Loosening the grip.

My father used to ride motorcycles, but sold them a few years ago.  All but one.

I remember the phone call.  My dad told me he would like to offer the bike to Marcus.  He asked me how I felt about that, although he already knew.  I told him to call Marcus and ask him how he felt about it.  You can guess how Marcus felt.

The bike has sat in our garage for 3 years, and Marcus finally took motorcycle school last month.  His maiden voyage was a couple weeks ago.  I have had many people, especially women, ask me how I feel about it, although I think they already know.

In case you don’t know me well, or think I’m going through a midlife crisis and want to be a biker babe, I will state my feelings for the record:  I am not excited about my husband riding a motorcycle.

However, I don’t have to like it.  And God can use this to give me an opportunity to relinquish control.

I recall telling a young wife that her husband needed to wear the pants in the family.  She may think she makes better decisions sometimes, but she really needed to respect him, and not undermine his leadership in small ways she may not even notice.  You know.  Those little sarcastic remarks we make, either alone or in front of a group.  We may think we’re making light of a situation, but everyone looks a bit uncomfortable after we open our mouths.  This does not mean you never offer your opinion; you just don’t offer it 50 times.  When it comes down to the actual decision and it doesn’t go the way you had hoped, you need to let it go.

Why should we strive to love and honor our husband?  Because when we submit to him, we are putting ourselves under God’s authority.  When I was a young wife, an older woman discipled me and taught me this,  and it has been invaluable.  I am not talking about a wife in an abusive situation, but the everyday lives we live with our spouses, and the needs and wants we have that our husbands just don’t seem to be meeting.
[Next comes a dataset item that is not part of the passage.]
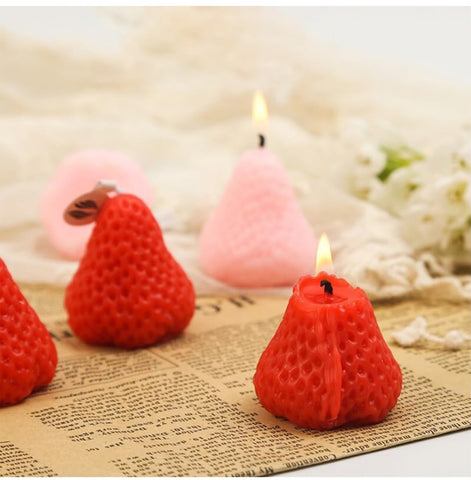 4 in 1 Strawberry Mold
Why does he want to to that with our money? 

Why doesn’t he appreciate me? 

Why did he tell the kids they could do that?

As for me, I want as safe and comfortable a life as possible.  God and Marcus don’t seem to think this is always their top priority.  My idea of biking is with a pedal bicycle with a comfort seat, and Marcus’ is with a big Harley.  I have to wonder that if I forced Marcus into my safe and comfortable box all the time, would it emasculate him somehow?  I’m not sure.  But he does seem to be a happier husband and a refreshed man when he gets a dose of hunting or horsepower.
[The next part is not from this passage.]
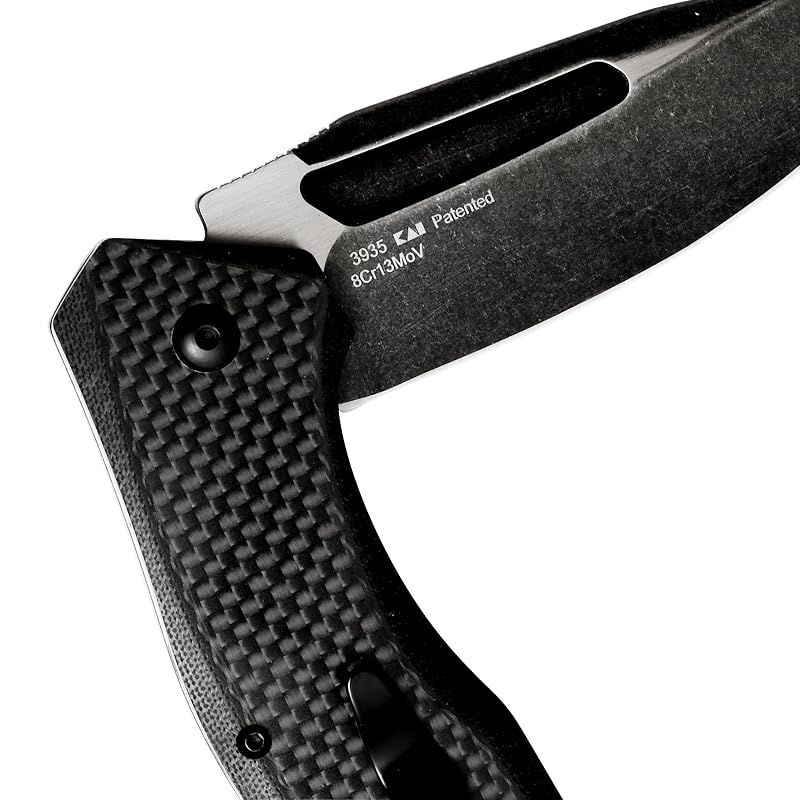 Kershaw Flourish Pocket Knife with 3.5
Now this one is going WAY out there.  But I’m going there anyway, because we naturally go there, but we never finish.

During a Beth Moore study of Esther last year, she talked about fear.  She was worried about her husband having an affair, and she was a wreck.  Finally God forced her hand, and she started the “What if” game, but with a twist.  I will give my own example:

The what if:  Marcus has a fatal accident.

Then:  I would be broken.

Then what?  I would have to plan the funeral.  Then I would have to sell off his equipment.  I would sell the house.  I would look for a job.  I would find a place in town.  I would put the kids in school full time.  I would still grieve, but time would bring a lessening of the pain.  This would be an enormous upheaval and trauma for our family, but there would always be one constant:  God would be there,  consoling me, carrying me and guiding me through it.  Anything I may have been going to instead of Him would be stripped away, and it would just be Him and me.
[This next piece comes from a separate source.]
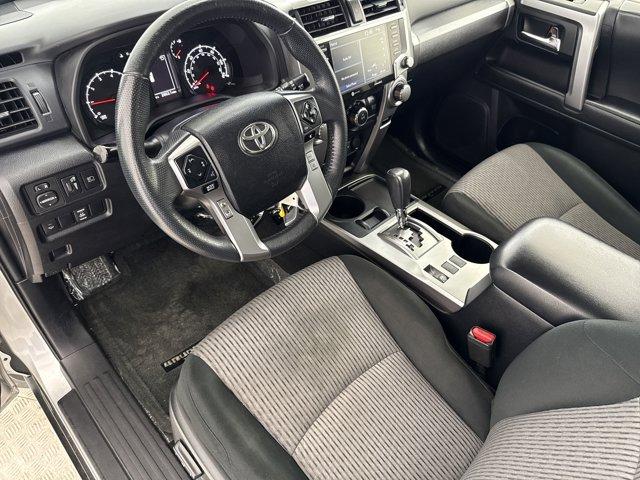 2021 Toyota 4Runner Vehicle Photo in Charlotte, NC 28273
We tend to be controlling when we face fear, because our fears make us face the fact we don’t have control.  Perfect love casts out fear, and no one has perfect love but God.  When we recognize this love for us, it can cast down those fears that grip our hearts.  So although I don’t recommend letting your mind wander when you are faced with a fearful situation, let your mind fix upon the One who loves you perfectly, and how he will continue to be faithful and show his love for you to the end of all things.  What did Corrie Ten boom say in The Hiding Place?

There is no pit so deep, that God’s love is not deeper still.

So even if my opinion of motorcycles remains unchanged, if God can loosen my grip on my own fears and controlling ways…I’m in.